The term misophonia was coined in 2001 by New York-based neuroscientists Pawel and Margaret Jastreboff, who are originally from Poland. Research has been limited, and few specialists around the country provide misophonia therapy.
While there is no cure, neurologists speculate on the cause. Eric McDade, an osteopathic physician at the University of Pittsburgh’s department of neurology, said he believes misophonia is caused by an abnormally strong connection between the auditory and limbic systems in the brain.
The limbic system produces emotion and the “fight or flight” response that causes individuals with misophonia to become increasingly agitated when exposed to a trigger sound or to remove themselves from whatever is producing the sound.
“It’s a rather limited repertoire of sounds that provokes this very strong response,” he said, adding that some individuals with misophonia might also have anxiety or obsessive-compulsive disorder.
People with misophonia have a more extreme reaction to what many would consider ordinary noises. Reactions range from disgust to rage to panic — and oftentimes a combination of all three.
“I think what happens is once this becomes an emotional response, it can become a more cognizant response,” said Dr. McDade. “The limbic system is now geared up and ready to respond to things even more easily.”
Most children who develop misophonia have difficulty coping with the sounds made by a family member. As they grow older, it begins to encompass more sounds and more people. For some, it also includes visual triggers, like leg tapping or the sight of someone’s jaw moving while chewing.

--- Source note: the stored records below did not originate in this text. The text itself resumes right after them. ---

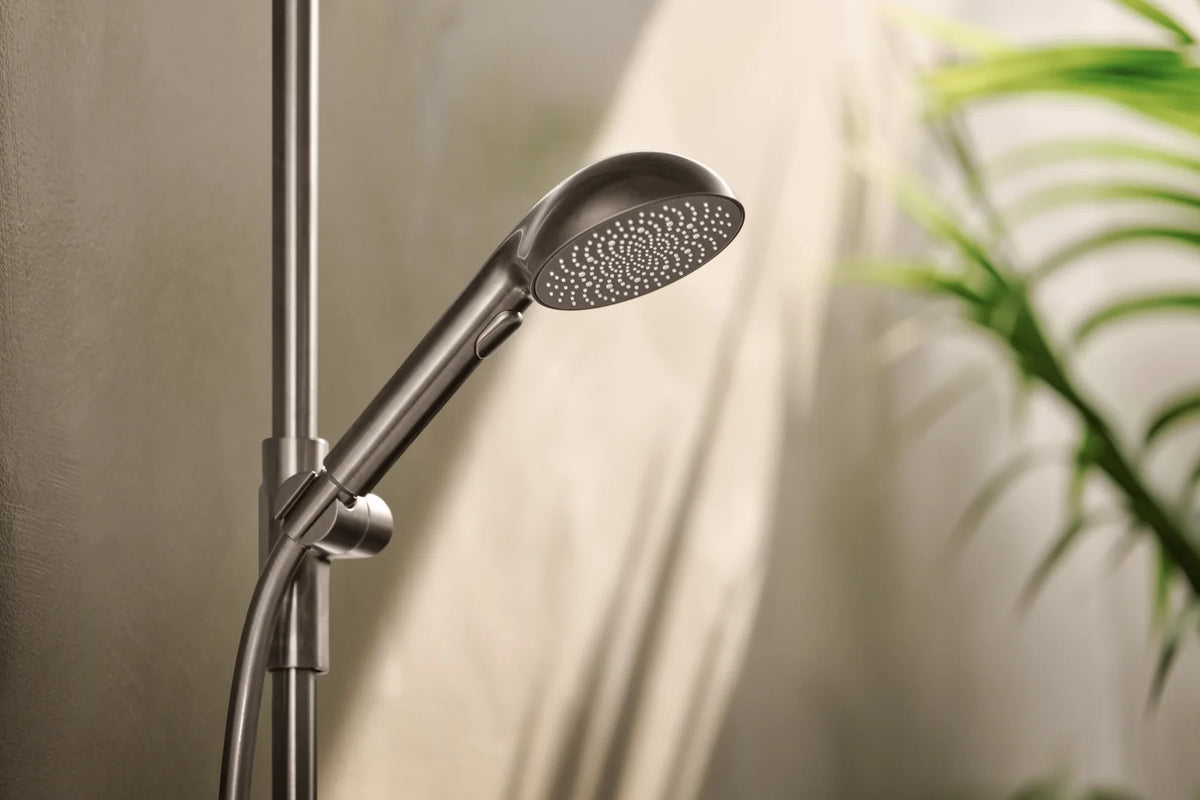 Bath and shower faucet with shower set | 4749-80 | Brushed steel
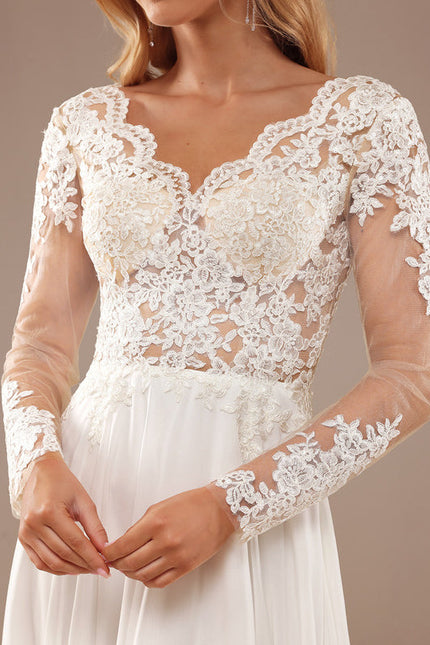 Robe Nuptiale Fluide À Manches Longues - gallery 5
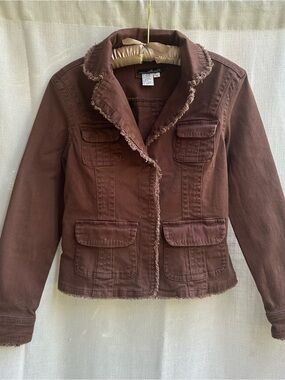 Willi Smith Chocolate Brown Frayed-Trim Jean Jacket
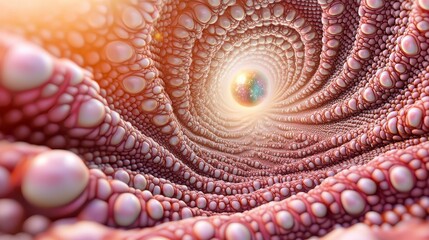 Poster - Intricate Spiral Structure with Colorful Spheres and Organic Texture in a Vibrant Setting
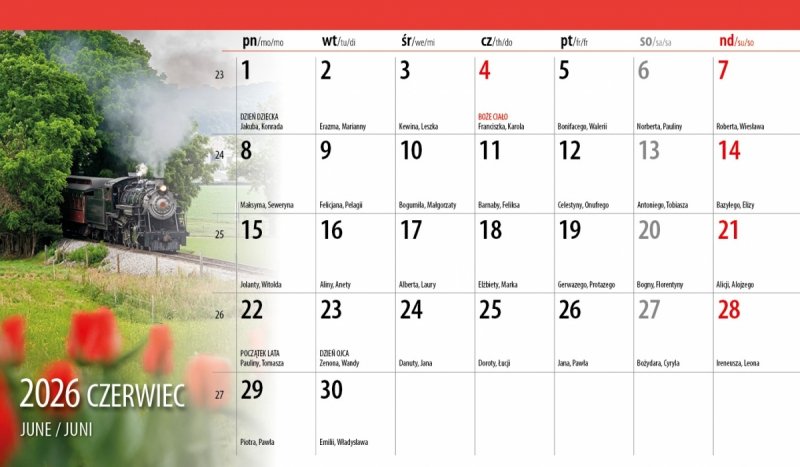 biurowy kalendarz 2026 cały miesiąc na stronie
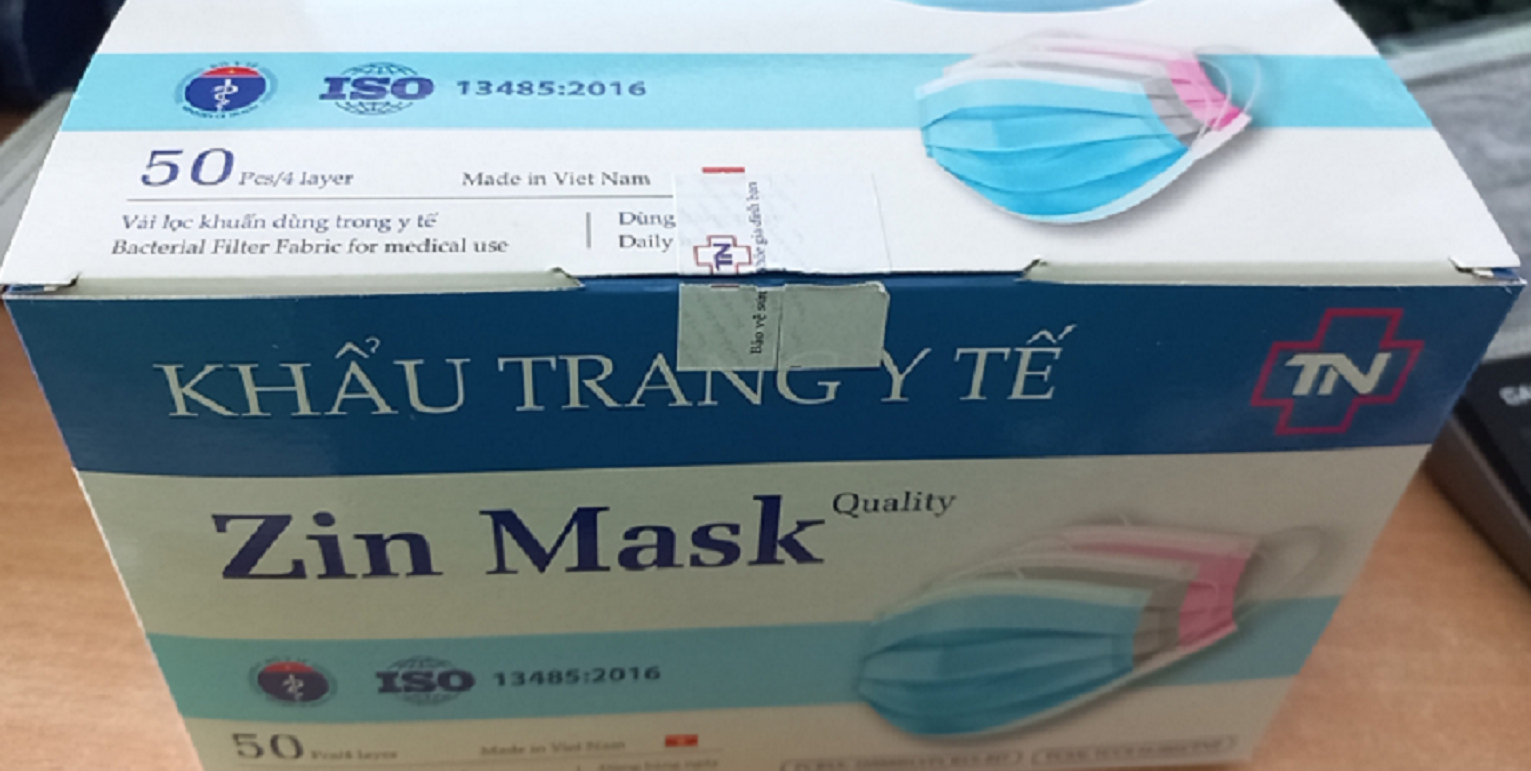 Khẩu trang y tế Zin Mask 4 lớp kháng khuẩn (50 cái/hộp)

The condition is starting to gain some recognition. Belasik learned about misophonia from a New York Times article in September 2011. Shortly afterward, NBC’s “Today” show broadcast a segment on the disorder, and Kelly Ripa discussed her own struggle with misophonia on ABC’s “20/20” last May.

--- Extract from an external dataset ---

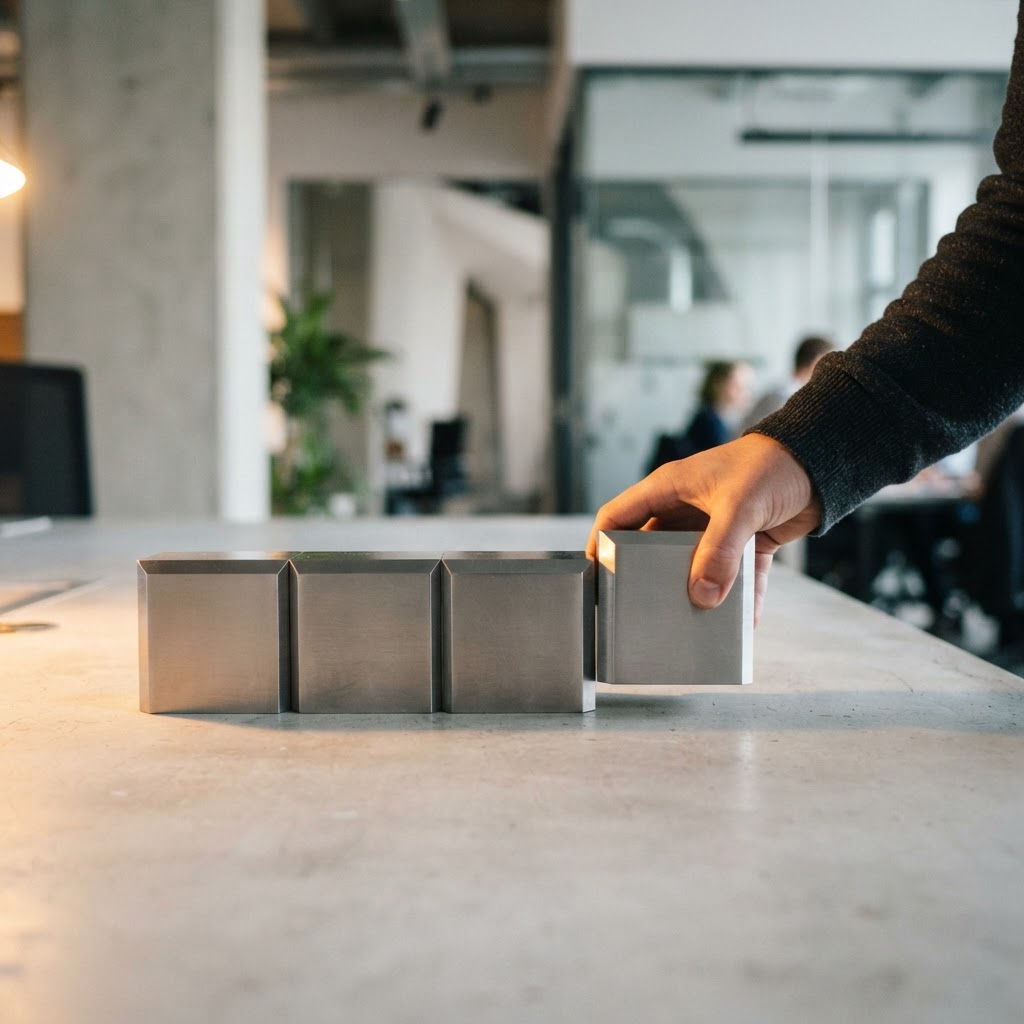 Aligning metal blocks on a workspace surface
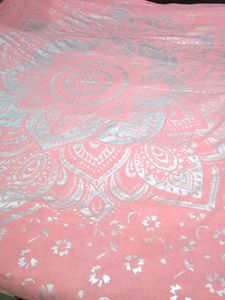 Pure Cotton Bed Sheet With Silver Print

While neurologists and audiologists research the condition, people who suffer from misophonia want a cure.
Herzfeld has found that some techniques used to treat tinnitus (ringing in the ear) and hyperacusis (extreme sensitivity to certain frequency ranges of sound) can reduce the effects of misophonia.
One type of sound management, she said, encourages people with misophonia to change the way they think about their trigger sounds.

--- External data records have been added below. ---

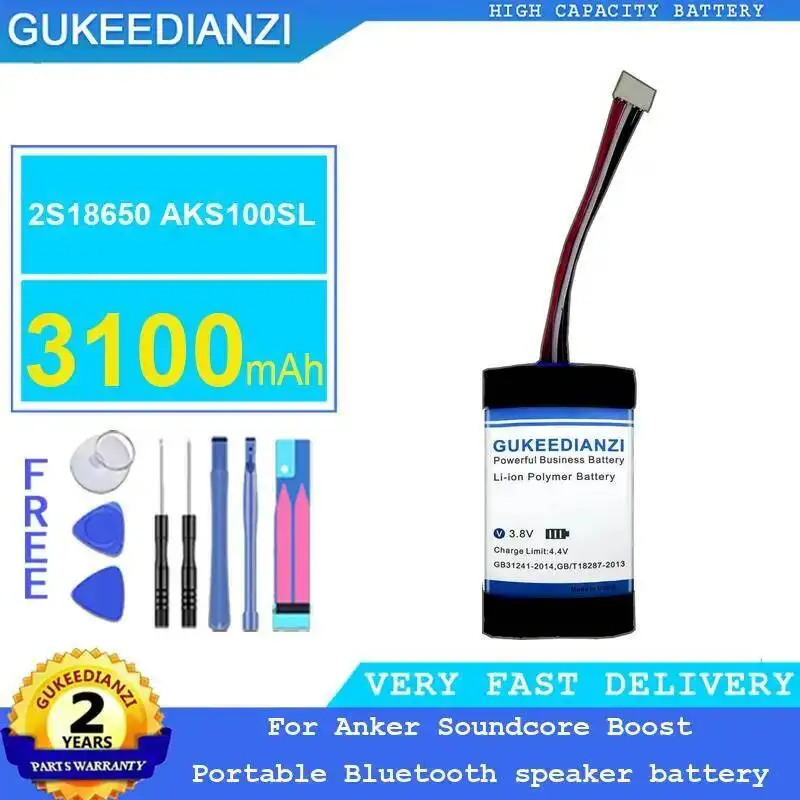 

2S18650 AKS100SL For Anker Soundcore Boost Portable Bluetooth Speaker Battery 3100Mah Reliable Power Supply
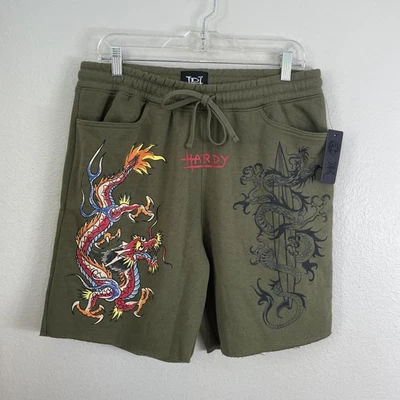 Ed Hardy Shorts Mens Large Olive Dragon Graphic Fleece Sweat Shorts EHM8000-23R Foto 1 de 4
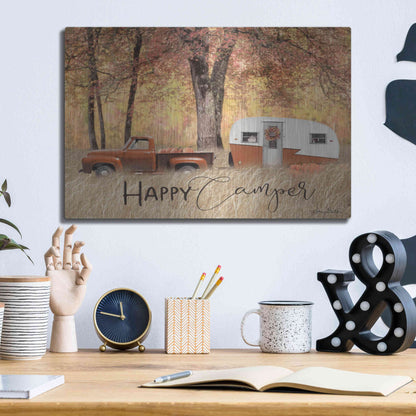 Luxe Metal Art 'Fall Camping' by Lori Deiter, Metal Wall Art,16x12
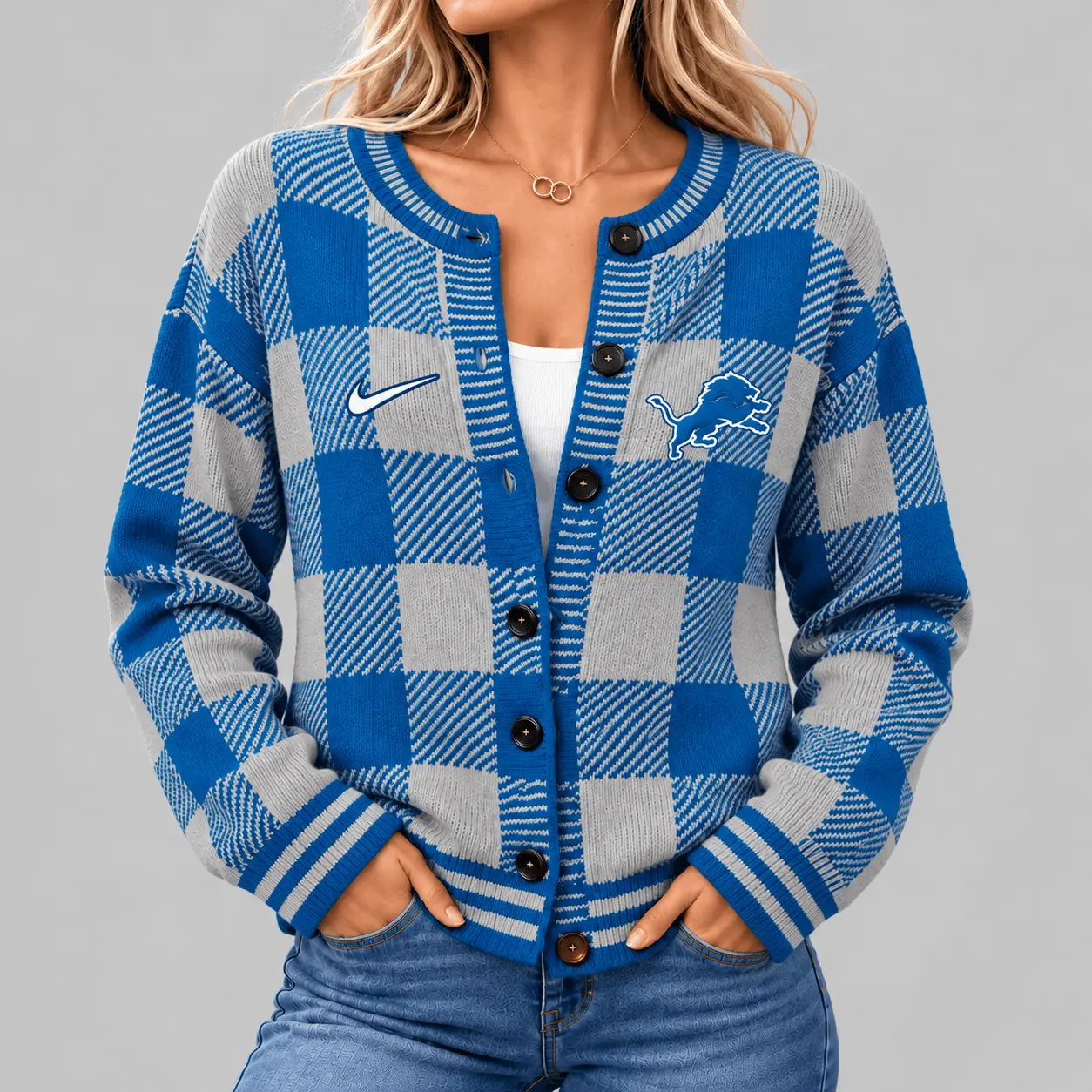 Detroit Lions | NFL Buffalo Check Knit Cardigan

“If you don’t like the sound of somebody clipping nails, then you might take the time to imagine that instead of clipping nails, somebody is cutting roses,” she said. “By mingling the sounds with new sounds, we give them the opportunity to be able to reimagine this.”
She recommends pairing these methods with cognitive behavioral therapy, a form of psychotherapy that stresses the importance of analyzing one’s feelings and behaviors. Some people cope by wearing ear plugs or adding background noise.
A list of misophonia specialists by region can be found on The Misophonia 4S Provider Network at www.misophonia-provider.com.